In order to protect the shareholders during the restructuring processes, several special cases are envisaged in the Turkish Commercial Code. The first of these cases is “The Inspection of Company Shares and Membership Rights” (hereafter referred as “Equalization Claim”). Equalization claim gives the shareholder the right to request A determination of payment if during the restructuring processes the company shares, and rights are not properly protected or the cash payment for withdrawals is not determined fairly.
Company share refers to “share with unit meaning in core capital”. Therefore, the concept of share here is different from the share or document in terms of membership rights. Membership rights are included in the scope of the Equalization claim. According to the law’s preamble, the rights of management, inspection, and review are included in this scope, but minority rights are excluded. The reason for the exclusion of minority rights is based on the reason that it is not possible to have the same membership rights in the transferee company due to principle of proportional equality (This principle is considered during the restructuring processes)
Determining the real value of the companies that are parties to the merger and the real value of the share are important issues in terms of the equalization claim. The proper protection of the company shares and membership rights or determination of the cash payment for withdrawals is primarily based on the determination of a fair share exchange rate. It is mandatory to specify the share exchange rate in the merger agreement. Determination of the share exchange rate is possible by determining the values of the companies which are parties to the merger. Each company has freedom in terms of the selection of methods for company valuation and the way the related method is performed. However, care must be taken in terms of the selection and implementation of the method in question.

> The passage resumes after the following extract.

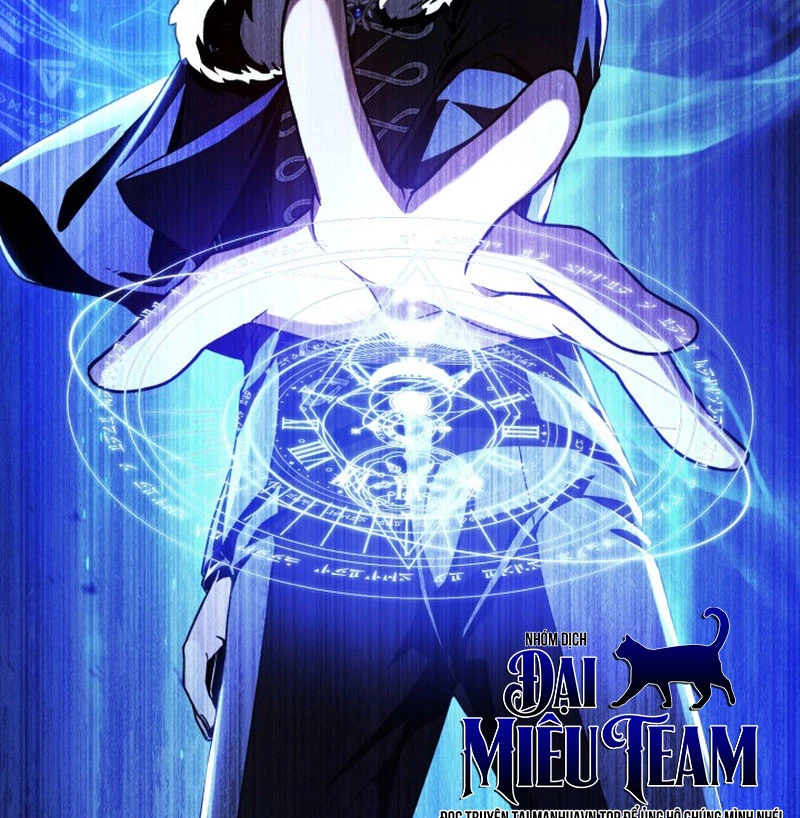 Thiên Tài Huyền Thoại Nhà Công Tước Chapter 3 - 37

One of the situations in which the equalization claim can be raised is when the cash payment for withdrawals is not properly determined. The cash payment for withdrawals, which constitutes an important exception to the principle of continuity of company shares and rights, is a payment that is given to the shareholder who does not consider the merger in its interest and does not give its consent. The cash payment for withdrawals is a payment corresponding to shareholders’ shares at their real value and as a result, they leave the company.
Cash payment for withdrawals is a mechanism that can be applied only in case of a merger, therefore, it is not possible to determine a cash payment for the withdrawal when the restructuring process is a demerger or change of the company type. The cash payment for withdrawals may be optional or mandatory. In the optional withdrawal payment, the shareholder is given a right of choice between acquiring the share and partnership rights in the transferee company and requesting a withdrawal payment. On the other hand, in the compulsory cash payment for withdrawals, the company has the right to remove the shareholder from the company. Regardless of whether it is optional or compulsory, Cash payment for withdrawals, which has not been determined appropriately, can also be the subject of the equalization claim.

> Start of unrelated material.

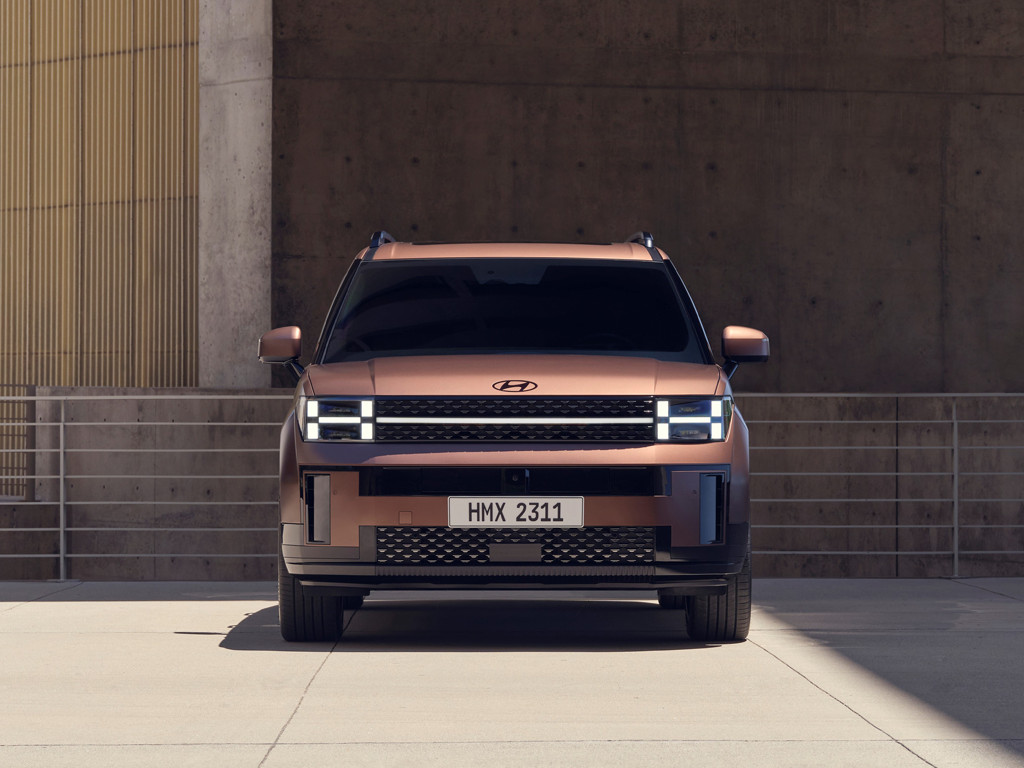 Новини Едем-Авто | Page 8 |Хюндай Мотор Україна - фото 7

In order to file an equalization claim, it is not required for the shareholder to give negative votes to the restructuring decision and to record his opposition in the minutes.
There is no regulation in the law that requires the title of the shareholder to continue until the end of the lawsuit in terms of equalization claim. If the title of the shareholder is lost during the case, it might be thought that the title of the case has been lost in terms of procedural law.
However, even if the share of the partnership was transferred to another person during the lawsuit, the plaintiff who substituted the case continues to benefit independently from the equalization. Moreover, the subject of the equalization claim is the company shares and rights which are not properly protected and not the existing ones. For this reason, the continuation of the title of the shareholder in terms of equalization claim is not required as a special requirement to file an action.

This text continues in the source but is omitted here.